La reciente contemplación en las primeras páginas de casi todos los diarios españoles de ámbito nacional de una risueña fotografía del Excmo. Sr. Ministro de Universidades en su primera comparecencia en la Cámara Alta de las Cortes Españolas sumió al anciano cronista en una hondonera de frustración y desencanto. Ataviado con una impoluta camiseta en la que campaba un lema británico estampado en la lengua de Shakespeare, dominada envidiablemente por el reputado sociólogo albaceteño D. Manuel Castells, este defendió ante el público senatorial parte de su programa, todavía inédito en su práctica totalidad.

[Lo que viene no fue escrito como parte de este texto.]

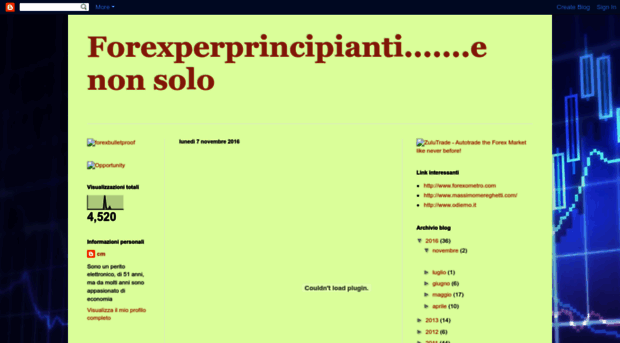 forexperprincipianti.blogspot.com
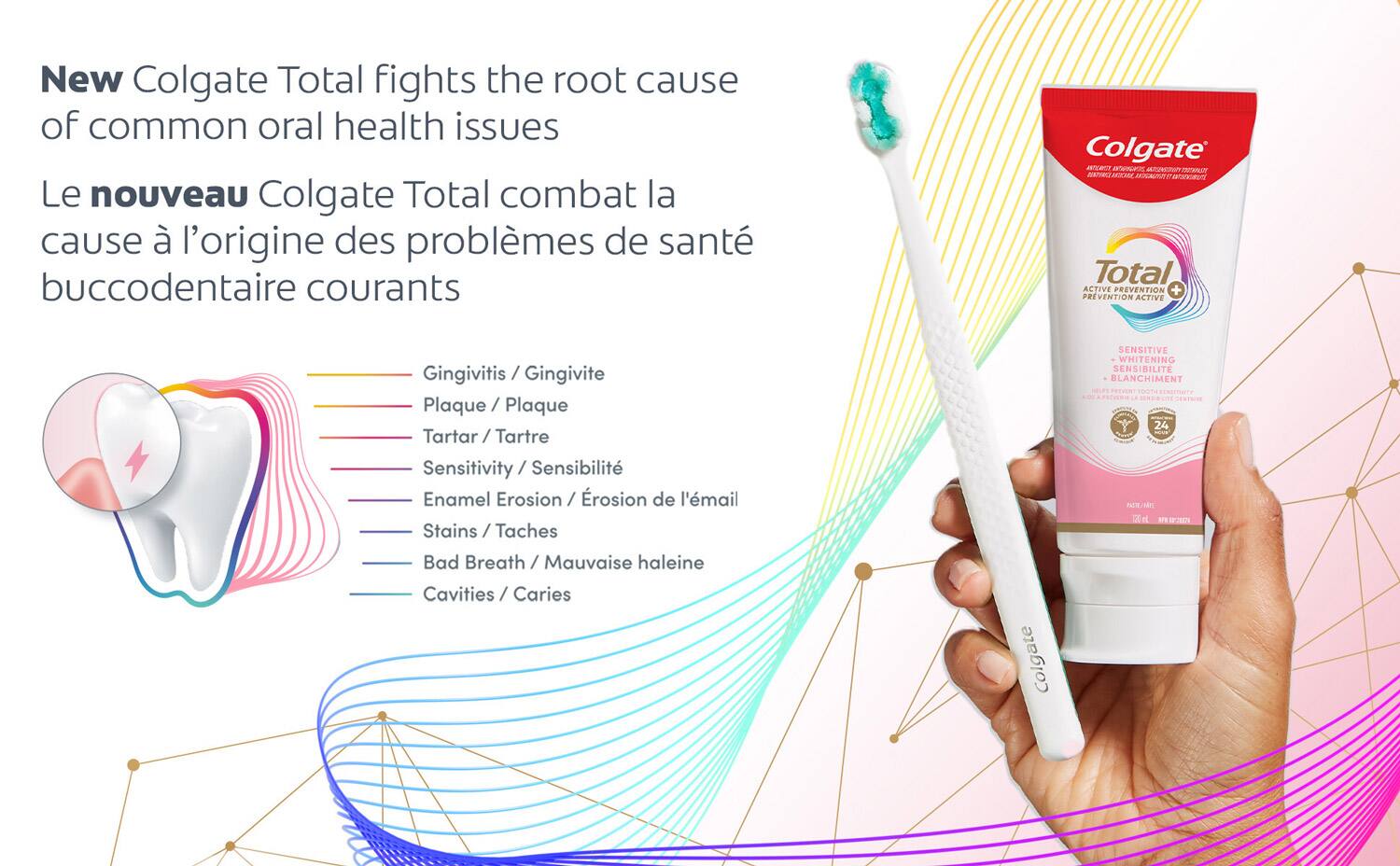New colgate benefits New colgate benefits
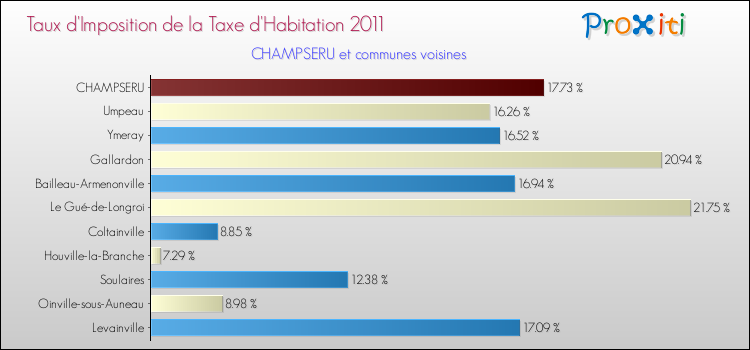 Taux d'imposition de la taxe d'habitation 2011 pour CHAMPSERU et les communes proches Comparaison des taux d'imposition de la taxe d'habitation 2011 pour CHAMPSERU et les communes voisines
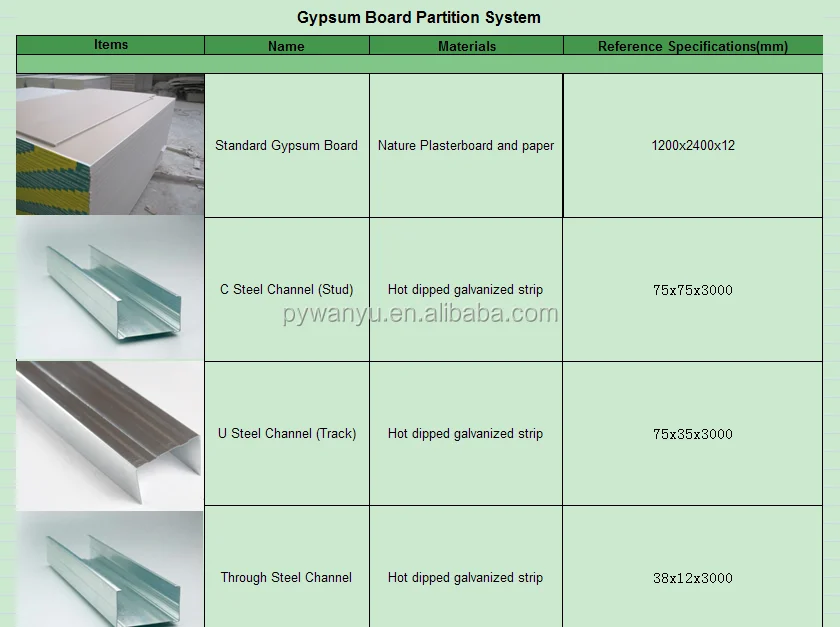 Partition drywall Gypsum Board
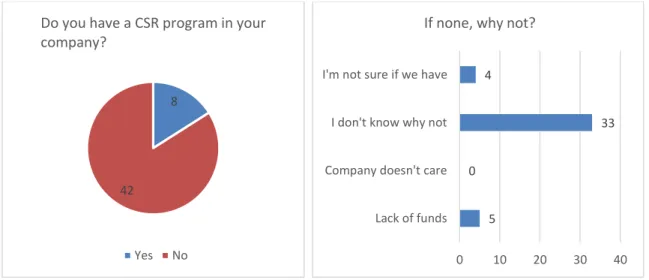 Figure 1.  CSR Programs of MSEs and Startups 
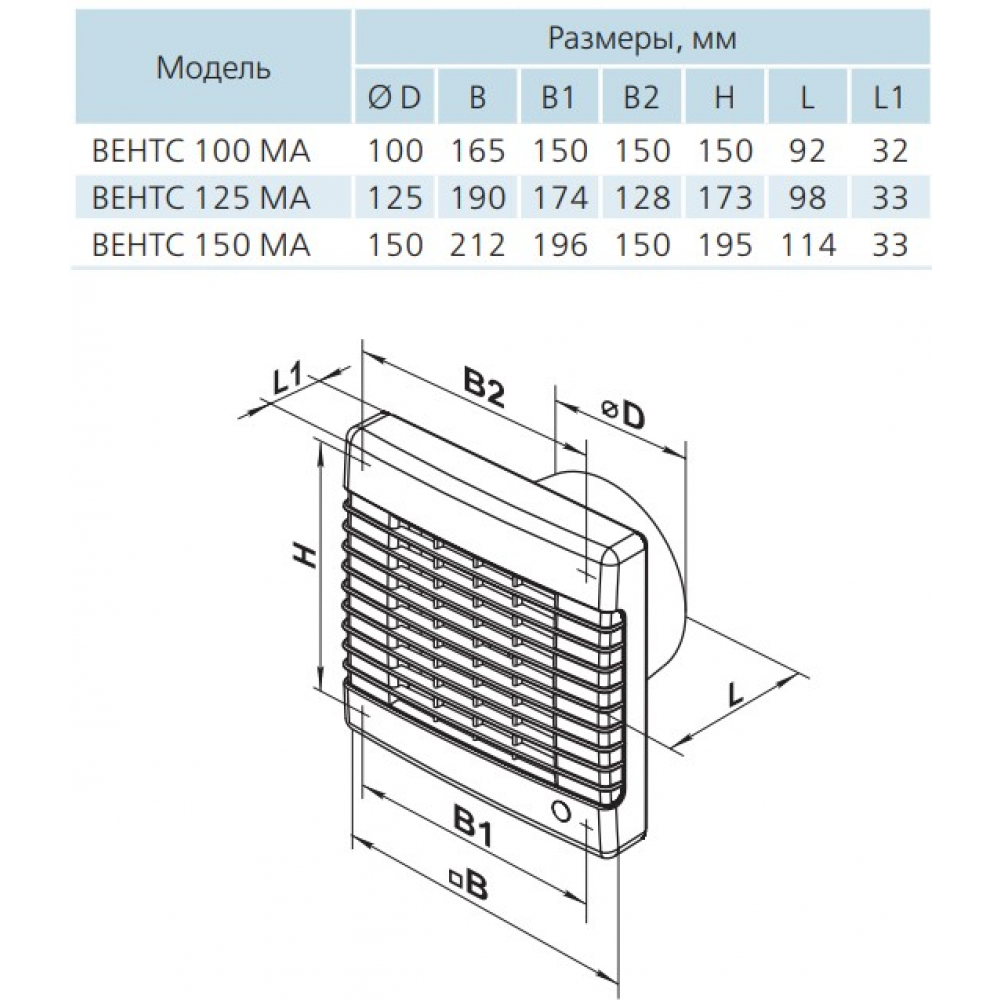 Вытяжной вентилятор настенный Vents 100 МАВТН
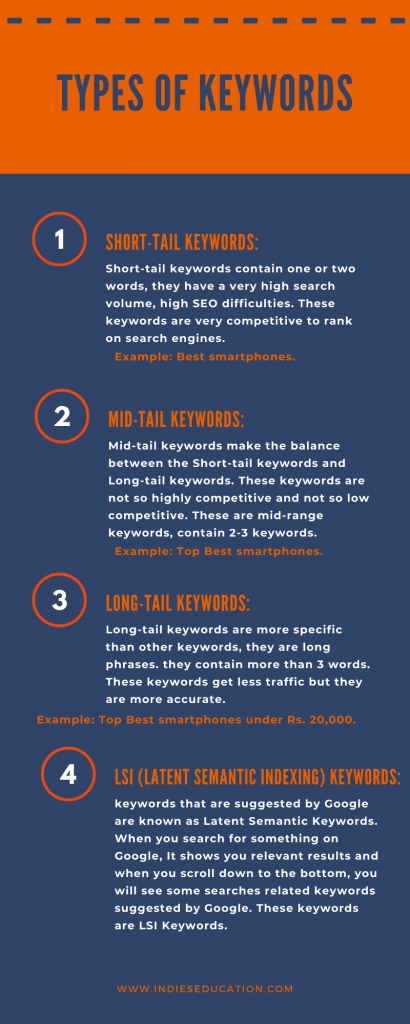 Types of keywords infographics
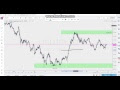 Forex Liquidity Zones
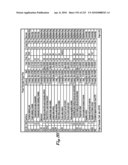 System and Method for Selecting and Protecting Intellectual Property Assets diagram and image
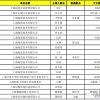 2022年4月第二批上海市引进人才申办本市常住户口公式名单已公布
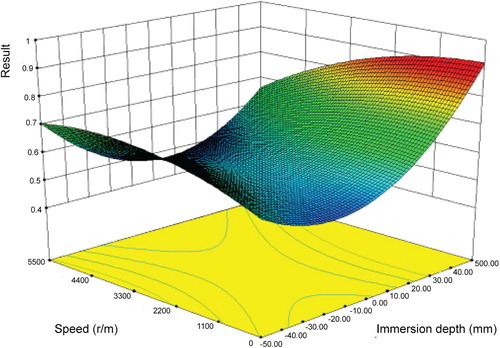 Figure 11. Comprehensive response.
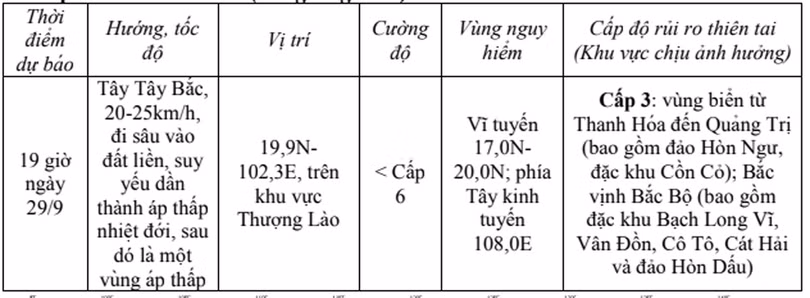 Dự báo diễn biến bão trong 12 giờ tới.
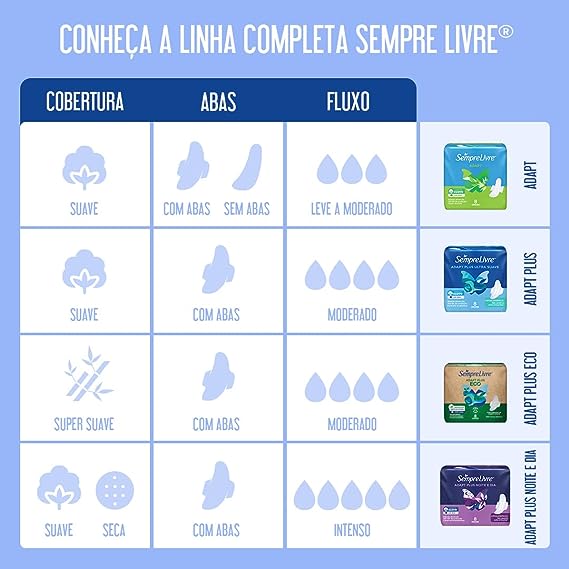 Absorvente Sempre NOITE e DIA Livre Adapt Plus Cobertura Suave com Abas com 32 Unidades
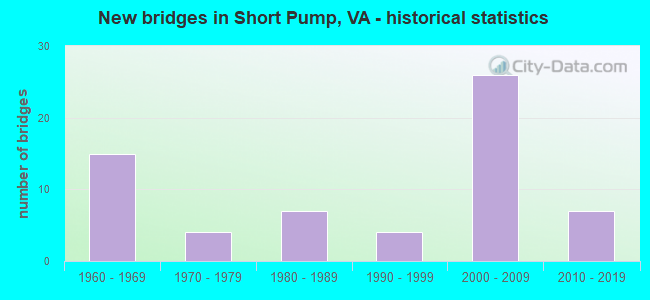 New bridges in Short Pump, VA - historical statistics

Obviamente, y aunque las apariencias a las veces engañan, tan estudiada indumentaria constituía por sí misma un grito de combate en línea con los eslóganes y proclamas de la revolución estudiantil del mayo francés de 1968, cuya mitología informara los primeros pasos de la carrera seguida por el actual responsable de una cartera gubernamental de cualificación primordial para el futuro del país, envuelto hodierno en incertidumbres e incógnitas como en muy pocas ocasiones aconteciera en nuestra historia contemporánea, repleta de pesarosas torceduras y acezante siempre de logros y conquistas. Nada por ello más ansiado por el articulista que fracasar en sus augurios pesimistas cara al rumbo inmediato de nuestra Alma Mater, la institución a la que casi ad integrum consagrara su existencia.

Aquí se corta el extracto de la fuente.